* MATERIAL SHOWN *
┌──
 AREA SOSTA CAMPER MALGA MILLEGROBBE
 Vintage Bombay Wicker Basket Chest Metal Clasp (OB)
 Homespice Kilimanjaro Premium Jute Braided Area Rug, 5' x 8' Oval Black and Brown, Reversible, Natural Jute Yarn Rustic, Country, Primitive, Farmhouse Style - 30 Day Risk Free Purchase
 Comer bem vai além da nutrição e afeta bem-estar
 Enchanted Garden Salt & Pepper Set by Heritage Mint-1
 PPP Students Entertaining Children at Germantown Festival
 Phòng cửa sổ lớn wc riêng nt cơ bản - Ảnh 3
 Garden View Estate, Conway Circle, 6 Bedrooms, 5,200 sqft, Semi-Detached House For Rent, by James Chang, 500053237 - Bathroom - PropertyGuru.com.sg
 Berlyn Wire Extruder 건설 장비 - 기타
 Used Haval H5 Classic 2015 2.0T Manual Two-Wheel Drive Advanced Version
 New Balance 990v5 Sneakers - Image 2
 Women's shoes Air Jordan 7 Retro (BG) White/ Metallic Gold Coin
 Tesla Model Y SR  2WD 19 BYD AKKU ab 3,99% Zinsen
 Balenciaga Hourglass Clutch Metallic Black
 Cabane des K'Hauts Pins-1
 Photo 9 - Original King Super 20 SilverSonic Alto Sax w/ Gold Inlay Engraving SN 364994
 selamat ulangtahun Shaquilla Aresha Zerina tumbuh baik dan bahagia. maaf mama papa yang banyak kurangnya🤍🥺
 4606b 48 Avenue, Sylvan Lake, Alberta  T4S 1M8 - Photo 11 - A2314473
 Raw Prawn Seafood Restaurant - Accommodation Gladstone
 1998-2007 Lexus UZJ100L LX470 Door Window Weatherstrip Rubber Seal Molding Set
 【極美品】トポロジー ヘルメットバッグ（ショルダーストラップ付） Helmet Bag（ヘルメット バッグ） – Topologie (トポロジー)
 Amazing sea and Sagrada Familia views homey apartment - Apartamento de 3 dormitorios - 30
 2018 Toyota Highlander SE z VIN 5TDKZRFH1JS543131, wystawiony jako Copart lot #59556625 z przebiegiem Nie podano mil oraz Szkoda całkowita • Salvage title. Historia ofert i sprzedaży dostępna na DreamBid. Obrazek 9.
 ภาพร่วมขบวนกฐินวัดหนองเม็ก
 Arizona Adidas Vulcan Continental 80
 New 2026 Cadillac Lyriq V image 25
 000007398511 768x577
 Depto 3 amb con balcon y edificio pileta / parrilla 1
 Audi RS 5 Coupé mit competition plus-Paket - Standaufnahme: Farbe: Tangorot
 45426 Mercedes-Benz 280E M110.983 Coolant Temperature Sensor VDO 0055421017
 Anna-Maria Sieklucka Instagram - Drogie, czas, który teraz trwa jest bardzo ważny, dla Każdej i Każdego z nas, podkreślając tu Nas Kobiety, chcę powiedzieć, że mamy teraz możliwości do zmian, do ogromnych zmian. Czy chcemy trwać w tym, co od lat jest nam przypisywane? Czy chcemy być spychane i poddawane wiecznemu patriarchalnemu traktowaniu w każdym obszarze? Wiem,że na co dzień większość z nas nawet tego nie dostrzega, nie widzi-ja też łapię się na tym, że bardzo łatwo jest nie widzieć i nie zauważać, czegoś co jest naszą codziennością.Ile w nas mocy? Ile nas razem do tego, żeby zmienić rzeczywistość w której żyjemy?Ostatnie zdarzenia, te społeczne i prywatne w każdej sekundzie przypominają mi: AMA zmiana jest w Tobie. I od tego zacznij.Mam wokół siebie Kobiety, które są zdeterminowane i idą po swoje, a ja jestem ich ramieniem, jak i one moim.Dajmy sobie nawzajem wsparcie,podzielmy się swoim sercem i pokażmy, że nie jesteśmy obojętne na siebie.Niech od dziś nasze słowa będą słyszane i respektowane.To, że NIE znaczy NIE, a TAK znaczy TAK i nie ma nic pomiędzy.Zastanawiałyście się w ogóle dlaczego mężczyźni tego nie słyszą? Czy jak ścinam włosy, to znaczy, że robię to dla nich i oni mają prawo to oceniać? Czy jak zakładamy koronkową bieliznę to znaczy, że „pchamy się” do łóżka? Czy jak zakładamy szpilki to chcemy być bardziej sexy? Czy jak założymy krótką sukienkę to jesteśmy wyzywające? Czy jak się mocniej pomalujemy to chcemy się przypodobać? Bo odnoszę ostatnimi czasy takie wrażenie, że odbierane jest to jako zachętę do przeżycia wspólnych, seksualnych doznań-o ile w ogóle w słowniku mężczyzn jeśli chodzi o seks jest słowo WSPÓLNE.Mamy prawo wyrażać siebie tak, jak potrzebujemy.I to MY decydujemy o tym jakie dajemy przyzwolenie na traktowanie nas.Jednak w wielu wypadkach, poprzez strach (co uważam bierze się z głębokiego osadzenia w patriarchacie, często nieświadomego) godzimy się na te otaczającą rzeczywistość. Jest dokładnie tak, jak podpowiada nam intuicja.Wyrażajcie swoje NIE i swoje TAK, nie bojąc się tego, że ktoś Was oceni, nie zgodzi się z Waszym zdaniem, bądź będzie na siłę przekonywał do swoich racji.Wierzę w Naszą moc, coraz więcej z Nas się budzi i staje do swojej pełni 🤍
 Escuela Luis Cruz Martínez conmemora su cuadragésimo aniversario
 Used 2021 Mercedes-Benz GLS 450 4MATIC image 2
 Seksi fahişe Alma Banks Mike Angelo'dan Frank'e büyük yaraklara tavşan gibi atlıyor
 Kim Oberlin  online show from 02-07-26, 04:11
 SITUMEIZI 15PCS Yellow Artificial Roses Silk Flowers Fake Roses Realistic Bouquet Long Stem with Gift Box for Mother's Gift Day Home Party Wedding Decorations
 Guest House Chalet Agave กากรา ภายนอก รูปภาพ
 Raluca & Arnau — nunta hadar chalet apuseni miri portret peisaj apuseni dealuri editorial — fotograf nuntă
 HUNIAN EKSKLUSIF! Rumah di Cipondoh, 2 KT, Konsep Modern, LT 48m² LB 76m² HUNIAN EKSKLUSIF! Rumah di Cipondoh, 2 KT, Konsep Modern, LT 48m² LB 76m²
└──
* TASK INSTRUCTIONS *
What lines in the material above hold the word "Gold"? Pull them out.

* ANSWER TO THIS EXERCISE *
 Women's shoes Air Jordan 7 Retro (BG) White/ Metallic Gold Coin
 Photo 9 - Original King Super 20 SilverSonic Alto Sax w/ Gold Inlay Engraving SN 364994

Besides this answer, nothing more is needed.